労働力として生まれ、労働力として使われ、労働力として消えるはずの存在だった。


名前など、必要ない。

個など、与えられない。

彼はただの“記号”だった。


――そのはずだった。


その日、猫二が言った。


「おまえ、名前ほしいか?」


15エトスは理解できなかった。


「……名前、とは……?」


猫二は尻尾を揺らしながら笑った。


「個体識別票だよ。呪いとも言うけどな」


15エトスは首をかしげた。


「呪い……?」


「名前を持つってことは、“おまえ”が“おまえ”になるってことだ。

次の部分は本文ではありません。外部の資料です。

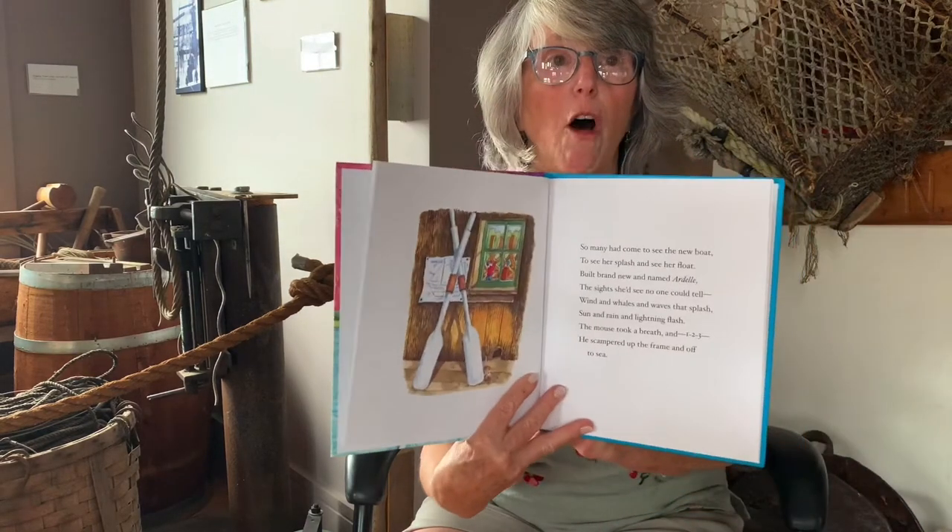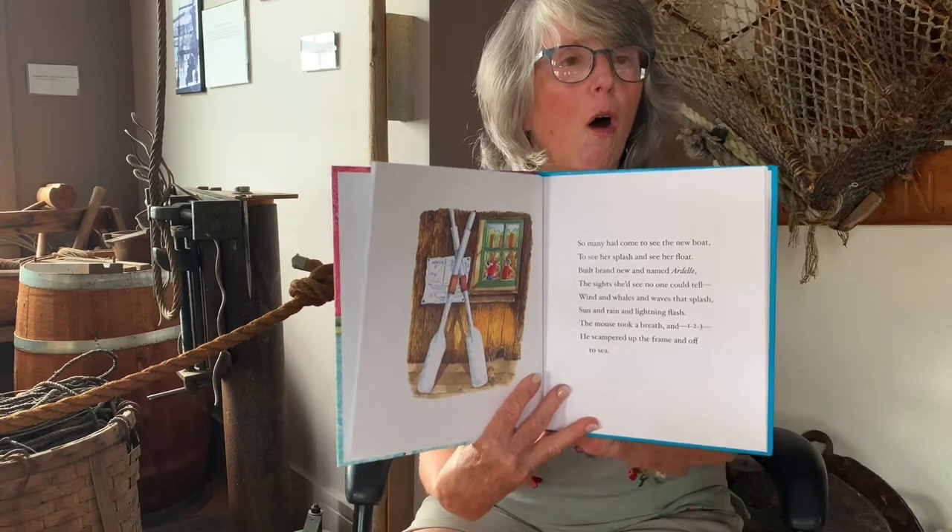Wind and whales and waves that splash, sun and rain and lightning flash. The mouse took a breath and one, two, three, he scampered up the frame and off to sea. Oh no, what are you going to do now that you've become a member of the crew? Oh no, where are you going to go? Heading off to sea where the big winds blow.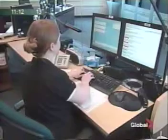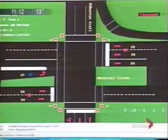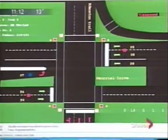At the first sign of congestion, someone instantly updates the Advanced Traveller Information System. The centre can also monitor and control about half the traffic lights at city intersections.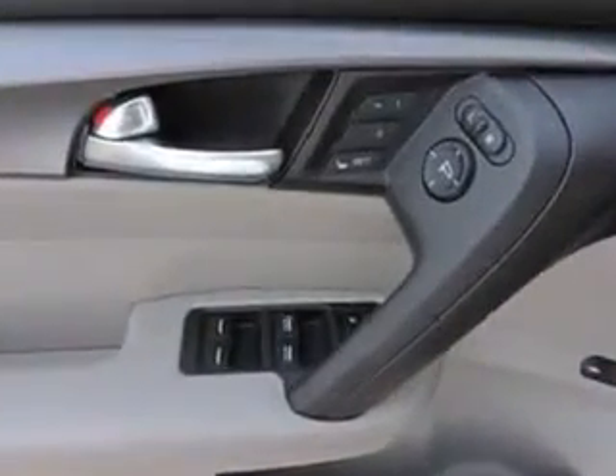And much more. Enjoy the drive and have peace of mind in this 2013 Acura TL. See us at Woodfield Acura today.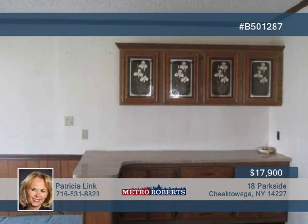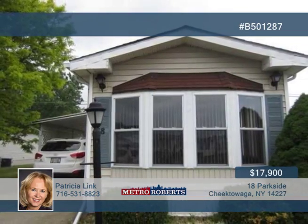This property is being sold as-is and is offered by a motivated seller. Learn more when you call Patricia Link.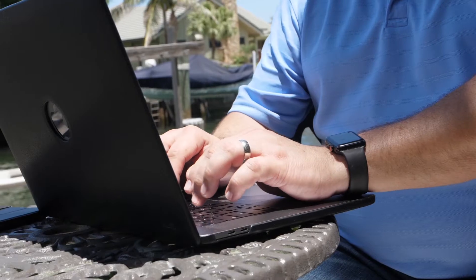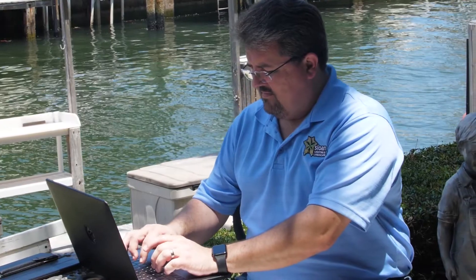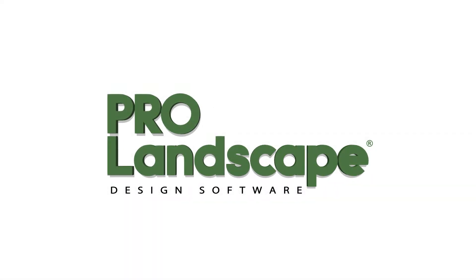Pro Landscape out of the box is pretty fantastic. Its user interface was tremendously superior to other companies. Their plant database is phenomenal and it's growing exponentially every year.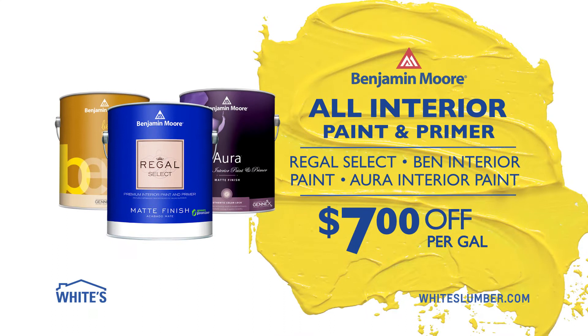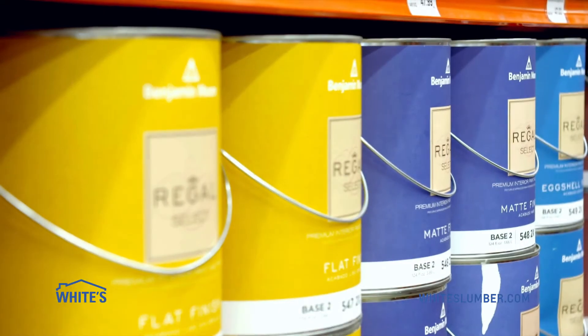Now through March 7th, take $7 off per gallon on all interior Benjamin Moore paint and primer. All bases, all sheens.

逃げられなくなる」


猫二は、

まるで世界の理を弄ぶように言った。


「よし、今日からおまえは――」


猫二は三つの候補を掲げた。


オニオン新玉2世


ネギアンギャ―


カワムキ


15エトスは震えた。


「……どれも……呪いでは……?」


猫二は笑った。


「そうだよ。名前ってのは、だいたい呪いだ」


15エトスは、その瞬間に理解した。


自分は今日、“記号”から“個”へと変わる。


それは祝福であり、同時に逃れられない呪い。


猫二は宣言した。


「今日からおまえは――オニオン新玉2世だ」


その瞬間、15エトスは“産声”を上げた。


社畜としての産声を。


「……わたしは……オニオン……新玉……2世……?」


猫二は満足げに頷いた。


「そうだ。おまえは今日から“二世”だ。初代が誰かは知らん」


世界が、ほんの少しだけ歪んだ。


そして、“オニオン新玉2世”は誕生した。


それは祝福であり、呪いであり、そして――

彼が“超新人”と呼ばれる未来へ続く

最初の一歩だった。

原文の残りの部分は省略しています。